On October 28, Albertsons responded, noting that that they had planned on issuing the dividend prior to the merger announcement and that it was independent of the Kroger deal. Four days later, the attorney general of Washington State filed a lawsuit seeking a temporary restraining order to halt the payout. That suit was quickly followed up with other litigation from the attorneys general in Washington, DC, Illinois and California who also sought to stop the dividend payout by November 7.
“Albertsons’ rush to secure a record-setting payday for its investors threatens District residents’ jobs and access to affordable food and groceries in neighborhoods where no alternatives exist,” said DC Attorney General Karl Racine. “This would have a particularly devastating impact on struggling people and families with access to fewer grocery stores during a time of historically high inflation.”
Albertsons also addressed the attorneys general claim that the issuance of a dividend that large would hinder the Boise-based retailer’s ability to continue operate normally and remain competitive.
“The allegation that this dividend will somehow hinder our ability to compete in the marketplace is also meritless, Albertsons said. “Given our financial strength and positive business outlook, we are confident that we will maintain our strong financial position as we work toward the closing of the merger. Additionally, payment of the special dividend will not hinder Albertsons Cos.’ ability to continue investing in our stores and technology to provide an even better shopping experience while we continue to operate as an independent company, and it will not impact the agreements that we have made with unions representing our associates to increase wages and benefits.”
“Regulatory approval of the merger is far from assured. The states must undertake their review and assure themselves that competition in all relevant antitrust markets at issue is preserved,” the state AGs wrote in the letter.
They also said that if the deal were scrapped, Albertsons would need the money “to compete with other grocery stores, a goal that its decision to enrich its shareholders to the tune of $4 billion will have made significantly more difficult to accomplish, if not unattainable altogether.”
The leader of the AGs appears to be Racine, who noted in a statement, “Healthy and strong competition is an American value that Republicans and Democrats can unite around,” He continued, “Anticompetitive mergers have real impacts on everyday people. We’re deeply concerned about the level of concentration in essential industries, such as grocery stores. And we’re asking Albertsons to not proceed with the payout while we thoroughly assess whether this merger is anti-competitive, anti-consumer or anti-worker. While we trust that Albertsons will adhere to our request, we are actively exploring other options to achieve our objectives, including litigation.”

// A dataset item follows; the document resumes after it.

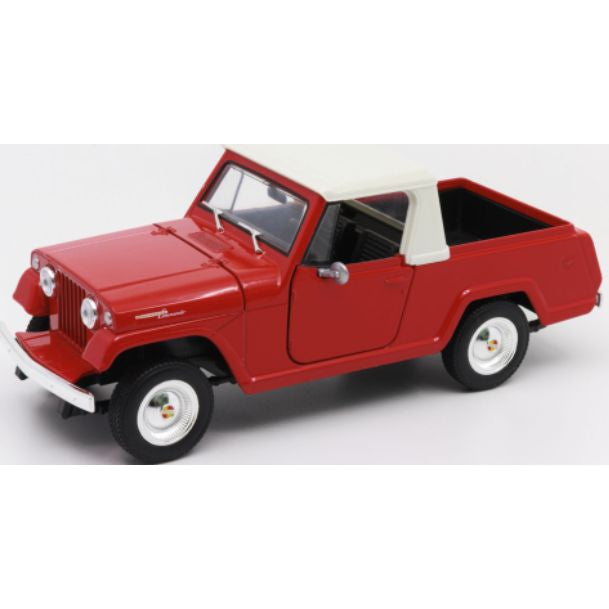 Jeep Jeepster Commando Pick Up red - 1:24 Scale Model Pickup Truck-Welly-Diecast Model Centre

Albertsons had stated in its initial letter on October 28 that the two chains have promised to use $500 million in savings from the combination to lower prices, $1 billion to improve stores and another $1 billion to continue raising associate wages and benefits. The chain said returning capital to shareholders “who have entrusted Albertsons with being a leading grocer” is part of its growth strategy.
“It provides near-term liquidity to all of its shareholders, which Albertsons had planned and was prepared to do regardless of any acquisition by Kroger,” Albertsons said. “It reflects Albertsons’ independent decision to effectuate the capital allocation strategy it began evaluating with its advisors long before Kroger expressed interest in Albertsons.”
Under the terms of the original agreement, announced October 14, Albertsons would merge with rival Kroger in a deal that both parties hoped would be finalized by early 2024. The proposed deal would bring together the number one and number two pure-play supermarket retailers in the U.S. (Walmart/Sam’s Club will remain the overall retail food leader by a wide margin), Kroger would acquire all of the outstanding shares of Albertsons Companies, Inc. common and preferred stock (on an as-converted basis) for an estimated total consideration of $34.10 per share, implying a total enterprise value of approximately $24.6 billion, including the assumption of approximately $4.7 billion of Albertsons Cos. net debt.